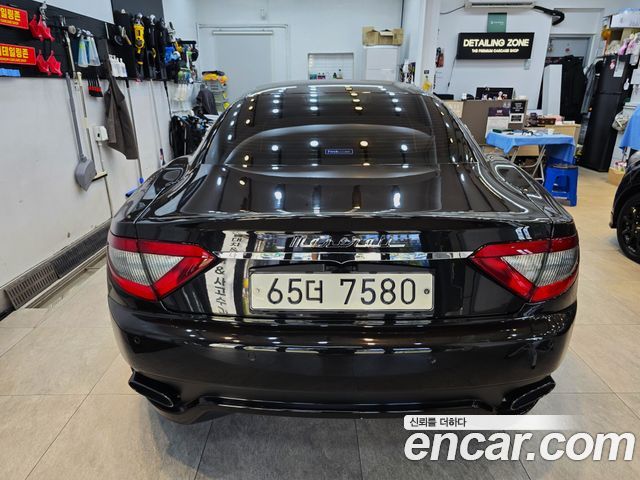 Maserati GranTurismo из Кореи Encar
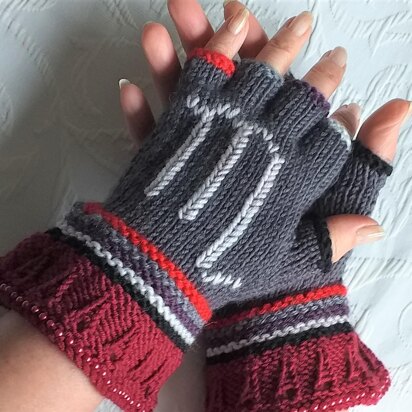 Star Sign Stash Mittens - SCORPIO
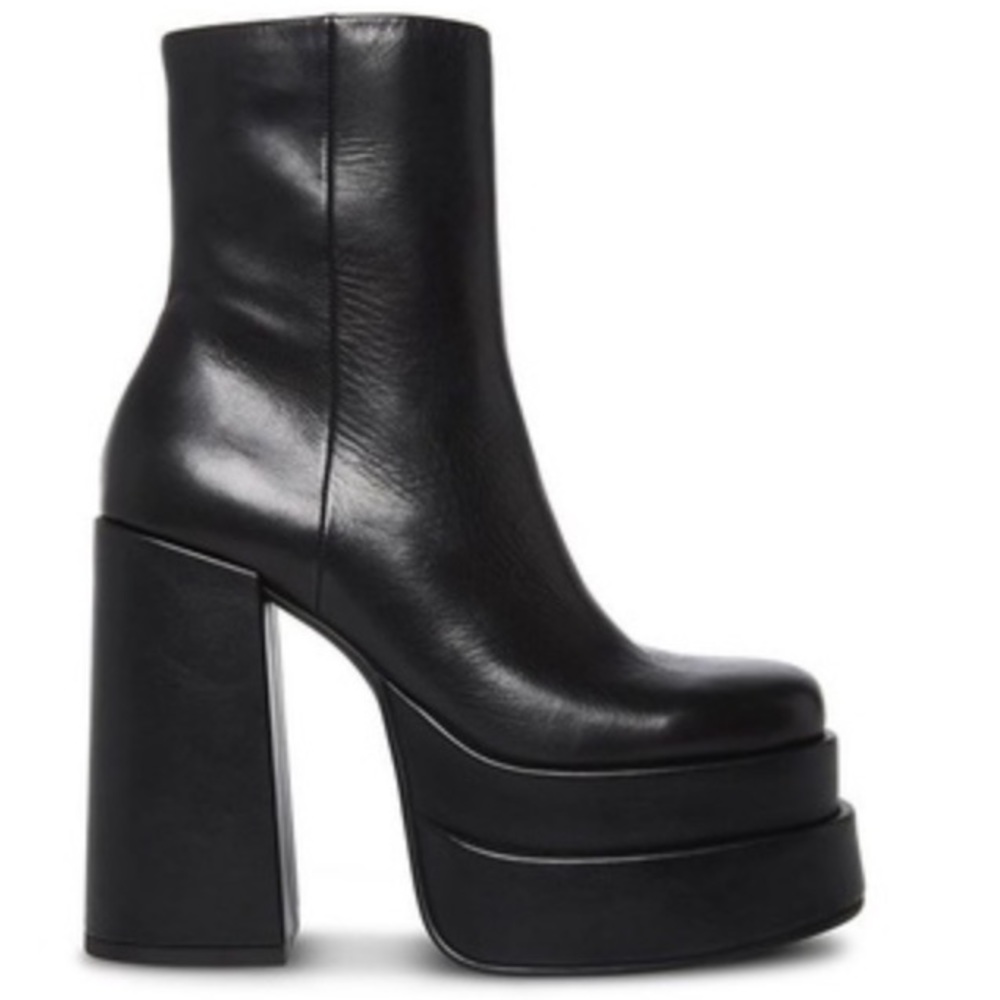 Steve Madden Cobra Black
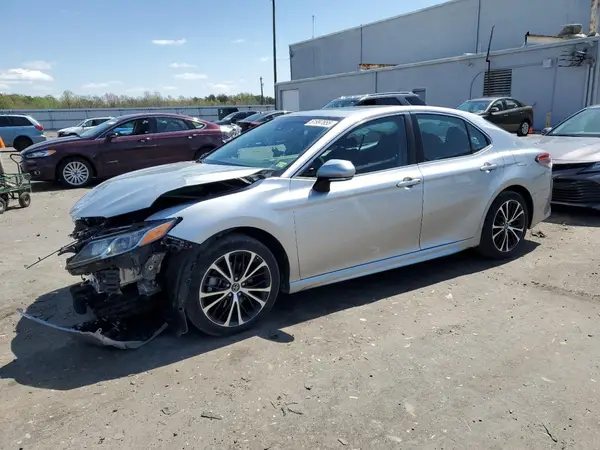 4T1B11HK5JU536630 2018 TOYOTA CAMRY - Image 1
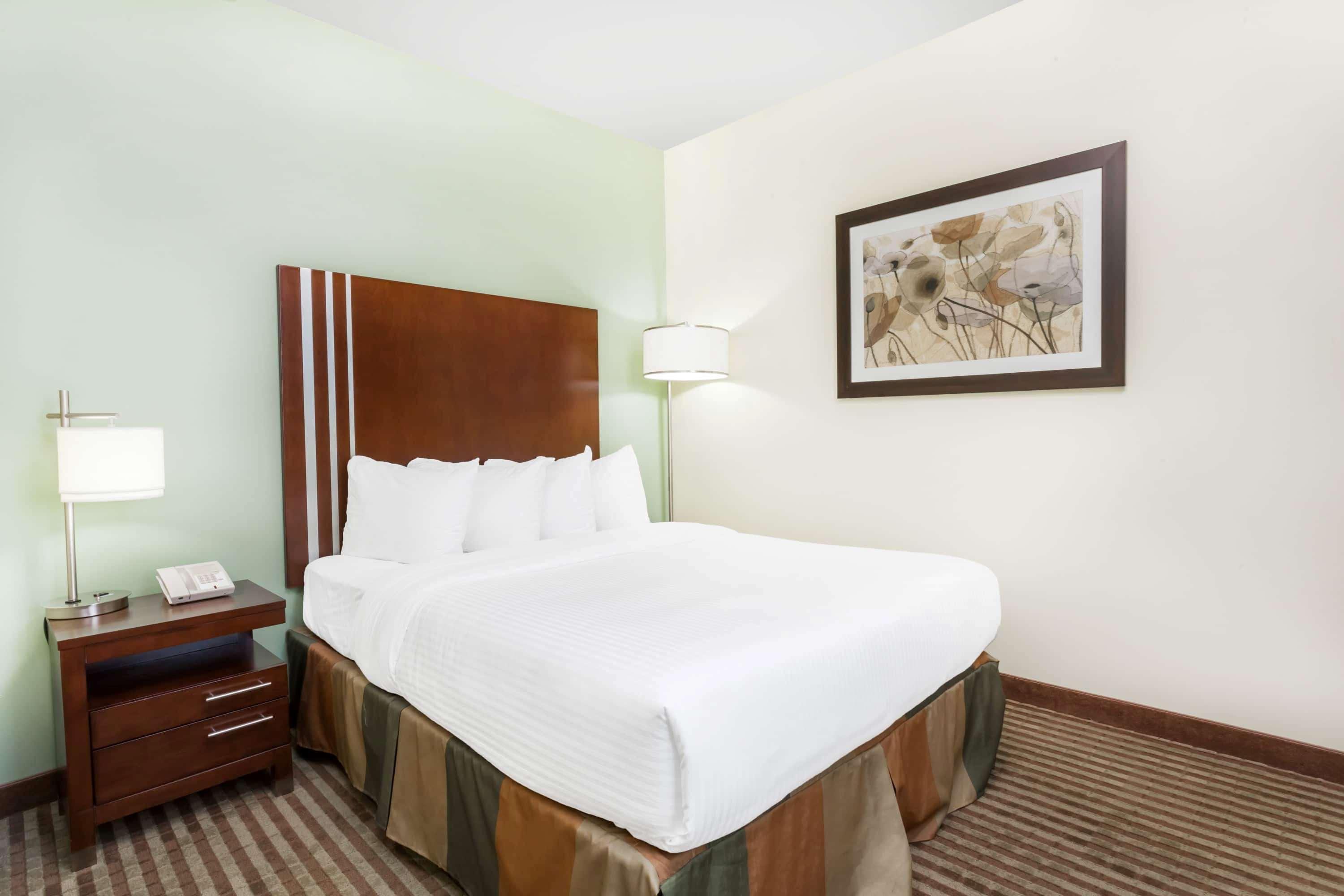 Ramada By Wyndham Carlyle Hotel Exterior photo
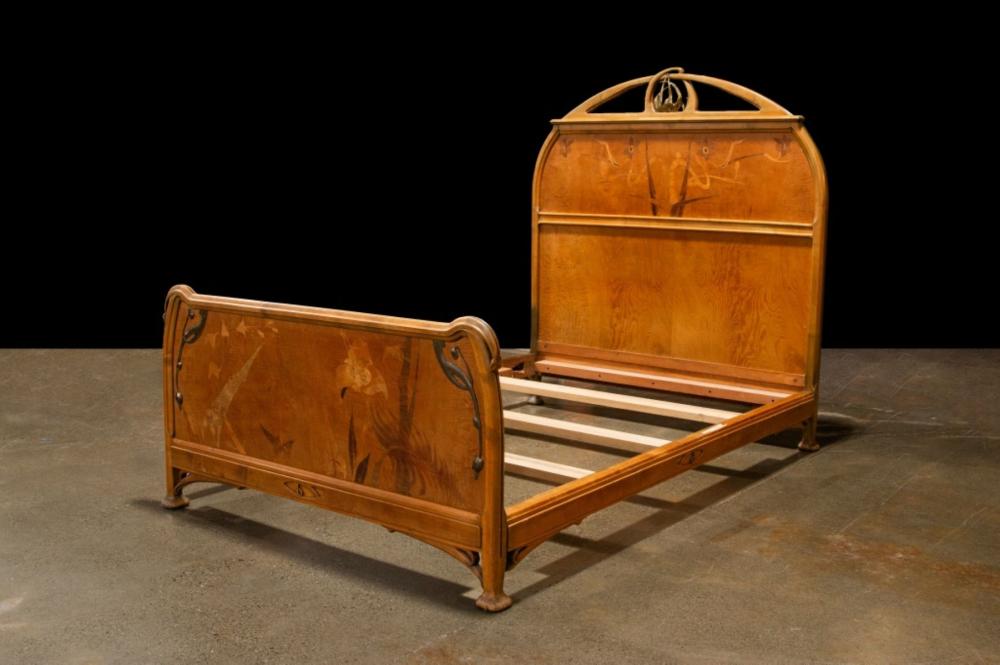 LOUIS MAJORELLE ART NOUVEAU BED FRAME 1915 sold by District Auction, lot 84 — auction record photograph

YOUR INSTRUCTIONS: Render all entries verbatim, excluding any pictures they hold.

YOUR RESPONSE:
 Maserati GranTurismo из Кореи Encar
 Star Sign Stash Mittens - SCORPIO
 Steve Madden Cobra Black
 4T1B11HK5JU536630 2018 TOYOTA CAMRY - Image 1
 Ramada By Wyndham Carlyle Hotel Exterior photo
 LOUIS MAJORELLE ART NOUVEAU BED FRAME 1915 sold by District Auction, lot 84 — auction record photograph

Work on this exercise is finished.